I could do it. I could take off, do what I do best. Steal. Not even steal – just borrow. For a while. I don’t steal, I borrow. Forever. I haven’t been riding in so long, but I have years of training behind me. Long walks through forests and hills and fields. Cantering down lanes and galloping up plains. Bareback is no problem, and surely I can pick out a good-natured companion nice enough to accept a ride for a stranger. Cogs begin to turn and grind in my head, and the thought of the look on my step-mother’s face stretches my subtle whisper of a smile into a wicked grin. Oh, how you'll hate me for this one, love. I almost spit the word out, her sarcastic pet name for me that bleeds a lie painted especially for my father. Determination drumming through my head, I leap over the old gate in one swift movement and land with a thump in the field. Time for some fun.
A little shack of a house sits a few fields away from me, but I still take my precautions. Tip-toeing across the field with almost-silent footsteps, steering clear of the backs of the horses, I walk slowly, announcing my arrival as calmly as possible. The last thing I need is a kick in the face and to be found unconscious in a field. Ripred knows how that will turn out – interrogating questions from the property owners, Peacekeepers, my father,the witch.What a girl was doing wandering in a field so far from home, carrying too many a wallet and pieces of jewellery. Too much to lose, too much to risk on a stupid, amateur mistake. And I am no amateur in the art of theft. A smile, slow movements and a few moments later, and I’ve befriended a beautiful mare. She reminded me of my own, a creature I cherished long ago. My best friend, my companion, who I would read stories too and always sneak an extra sugar-cube to at feeding time, who I’d trudge out in rain and wind and hail in my gumboots and bury my head in her neck whenever I was upset. She slipped through my fingers as the Evil Queen stole her away, and my King did nothing to stop her. I refused to let this one, or my plan, slip away the same way.
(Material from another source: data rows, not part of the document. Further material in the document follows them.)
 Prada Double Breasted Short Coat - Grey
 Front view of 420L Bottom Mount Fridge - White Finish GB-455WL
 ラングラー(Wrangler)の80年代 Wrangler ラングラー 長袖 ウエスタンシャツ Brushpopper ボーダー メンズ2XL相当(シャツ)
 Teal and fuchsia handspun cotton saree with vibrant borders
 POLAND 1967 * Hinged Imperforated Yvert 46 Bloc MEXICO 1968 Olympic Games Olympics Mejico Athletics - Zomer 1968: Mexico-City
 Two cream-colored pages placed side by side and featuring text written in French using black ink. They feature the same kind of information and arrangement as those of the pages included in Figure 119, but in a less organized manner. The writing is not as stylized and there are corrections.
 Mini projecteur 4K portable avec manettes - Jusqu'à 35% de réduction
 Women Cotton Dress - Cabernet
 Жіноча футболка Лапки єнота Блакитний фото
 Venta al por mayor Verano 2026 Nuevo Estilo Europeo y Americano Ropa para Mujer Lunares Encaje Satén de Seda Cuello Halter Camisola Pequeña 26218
”Hello there, pretty,” I whisper, stroking her soft coat with smooth, experienced hands. I can feel her muscles twitch, tail flicking off an insect, and nudges at my pockets. The action tugs at the corners of my mouth again, a genuine smile – something so rare to wander into my usually cold expressions – blossoming. ”Sorry,” I sigh, ”unless you like leather, I’ve got nothing.” A reply in the form of a snort is produced, and I blink my brown orbs back at her, chuckling. ”Wanna go for a little ride?” I ask, limbs longing to feel the broadness of a back and the wind in my hair, face, everywhere. Might as well try... I think, hands trailing to the horses’ spine – and I leap.
They say that horses can sense your emotions. Scared, worried, anxious, excited, sad, angry. Perhaps she sensed my eagerness to ride, or the way I rushed into things, or my leftover, fuming rage towards my stepmother I thought I left behind me on the ground. But my feet barely meet the sides of her before I sense something’s wrong. In a rush, I try to dismount, but her tail flicks irritably, ears flatted, nostril’s flare – and despite my best efforts, she won’t calm down. ”Shit, shit, shit – no – calm – down – no – hush – shitshitshIT!” My heart leaps into a feverous beating as she lurches around, desperate to throw me off. I’ve fallen off a horse many times in my life, but I had the gear, the watchful second set of eyes, the hugs and pats on the back for when the pain was so bad I was forced to tears. Now I remember why Dad always told me to wear a helmet. My head might crack open or my spine may snap, but all I can do is cling and hope for the best, still yelling as she takes off with me and my words bouncing about on top of her. ”Crap, crap, craaaap!”